*** Opening of MATERIALS PROVIDED ***

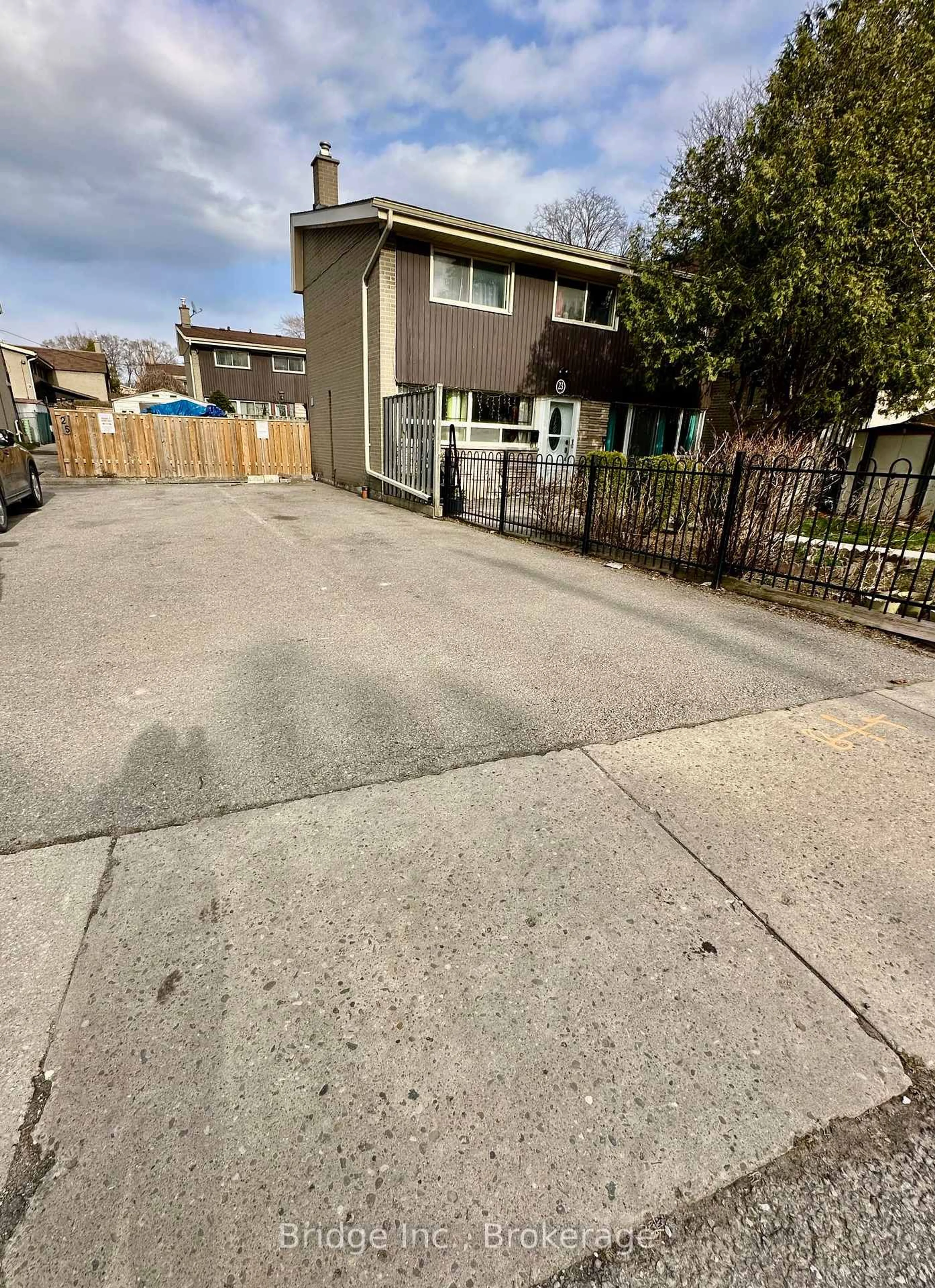 A pic from outside/outdoor area/front of a property/back of a property/a pic from drone, street for 25 Sentinel Rd, Toronto Ontario M3M 2K1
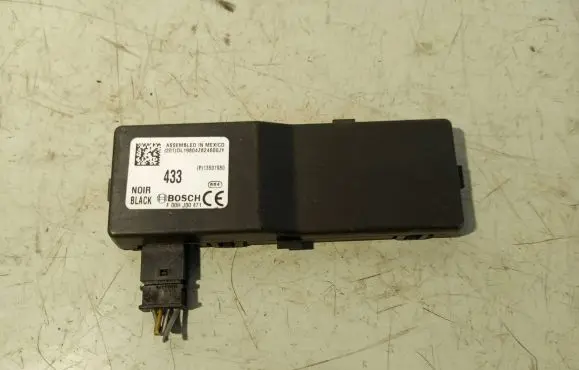 Opel Insignia A Door central lock control unit/module 13501980 F00HJ00471 DL19804Z824000Y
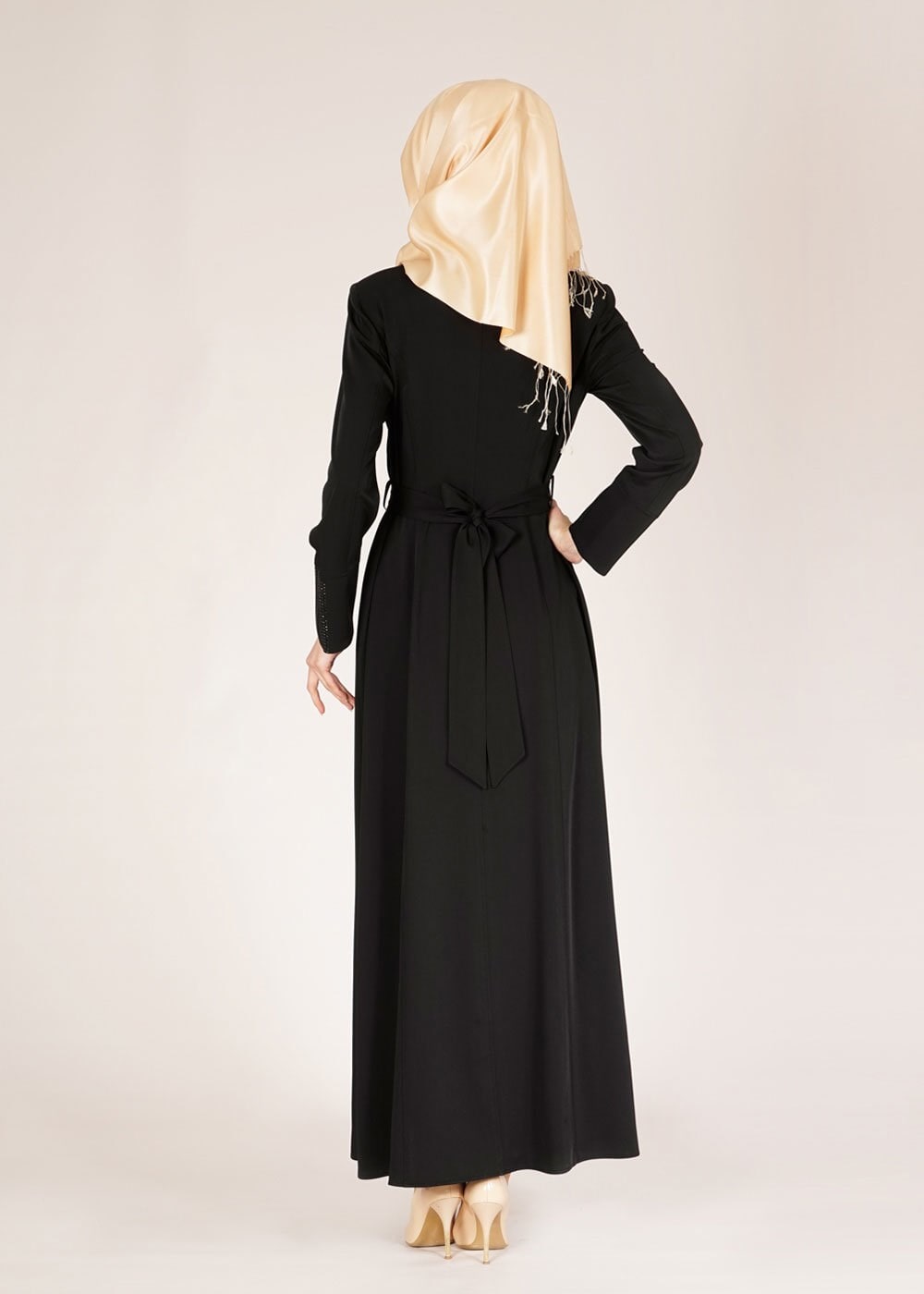 Tesettür giyim SİYAH TAŞ İŞLEMELİ FERMUARLI PARDESÜ 1524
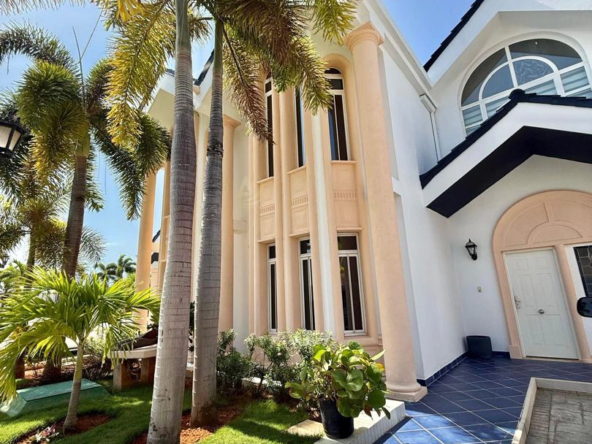 12 Townhouse en Venta en Margarita con excelente ubicación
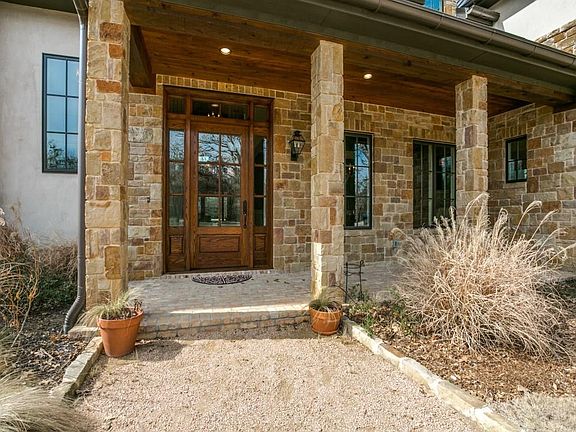 3rd image of 616 Shady Ln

*** Close of MATERIALS PROVIDED ***

- [WHAT IS EXPECTED]: Starting at the line where "Tesettür giyim SİYAH" appears, restate every line through the end of the records above exactly, but omit the pictures.

- [FINISHED EXERCISE]:
 Tesettür giyim SİYAH TAŞ İŞLEMELİ FERMUARLI PARDESÜ 1524
 12 Townhouse en Venta en Margarita con excelente ubicación
 3rd image of 616 Shady Ln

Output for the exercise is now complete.